Mountjoy is a fictional mutant character appearing in American comic books published by Marvel Comics. The character first appeared in Bishop: The Mountjoy Crisis #1.

Fictional character biography
Mountjoy is a mutant who was trained by the Emplates to merge with another person's body in order to feed. Originally from the same future as Bishop, Mountjoy went through one of Trevor Fitzroy’s time portals while inside the body of Bantam. He then left Bantam after he arrived. After, when Fitzroy was presumed dead, Mountjoy hunted down Bantam for he was the only one who knew of Mountjoy's presence. Chasing Bantam, Mountjoy encountered Bishop, whose sister Shard once captured and imprisoned Mountjoy in their future. Mountjoy defeated Bishop while merging with Storm and using her as a hostage. Mountjoy then released Storm and escaped. Later, Mountjoy was found by Bishop at a New York Police Station. While chasing each other downtown, Mountjoy ambushed and absorbed Bishop. Arriving at the X-Mansion in Bishop's body, Mountjoy divested Bishop and went after the other X-Men. He found and absorbed Archangel, Gambit and Psylocke. Mountjoy was then lured into the Danger Room by Shard. Inside the Danger Room, Mountjoy fought off Bishop with powers from the three X-Men he absorbed. Not knowing the Shard was a hologram, Mountjoy tried to absorb her but couldn't. Shard held Mountjoy in place as Bishop fired an energy blast at him. The blast forced Mountjoy to let go of Archangel, Gambit and Psylocke, and he was defeated.

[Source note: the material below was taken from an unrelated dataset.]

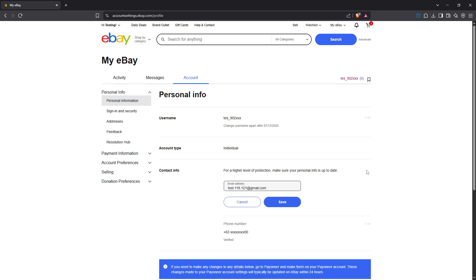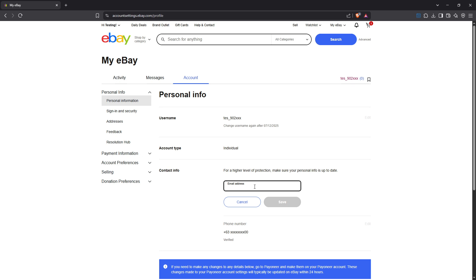Clicking the edit option will open up the email address update form on your screen. You'll see your old email address displayed but now it's time to enter your new email. Carefully type in the new email address that you intend to use, double check for typos to avoid any hiccups with your account information.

Mountjoy would later infiltrate the Inner Circle of the London Hellfire Club, and merge inside the Circle's recorder Scribe. Brian Braddock was sent by Shinobi Shaw to find Mountjoy. Mountjoy, hiding in Scribe's body, would confide in Braddock and pose as his ally. When the Inner Circle's plans were revealed, and Braddock donned his Captain Britain costume, Mountjoy and the Black Queen Ms. Steed attacked Captain Britain. After Steed was defeated, Mountjoy tried to escape. Captain Britain caught up with him and knocked him out. Mountjoy and the Inner Circle were then put in jail.

Mountjoy, still in Scribe's body, was bailed out of jail by Sebastian Shaw. Taken to Liberty Island, Mountjoy was put in a duel against Madelyne Pryor. Using Scribe's powers, Mountjoy nearly defeated Madelyne and closed in for the kill. Madelyne then reached inside Scribe and pulled out Mountjoy, defeating him. Mountjoy's current whereabouts are unknown. However, it is known that he retained his mutant powers after M-Day.

Powers and abilities
Mountjoy can merge his body into another's two different ways. One is by becoming a "silent partner": His will dominates, your body remains the same, his facial features dominate and his energy is renewed. The second is by a "hostile takeover" that absorbs you, mind, body and soul while also renewing him. He also generates a basilisk field, slowing the reaction time of his victims within a five-yard area where he exerts.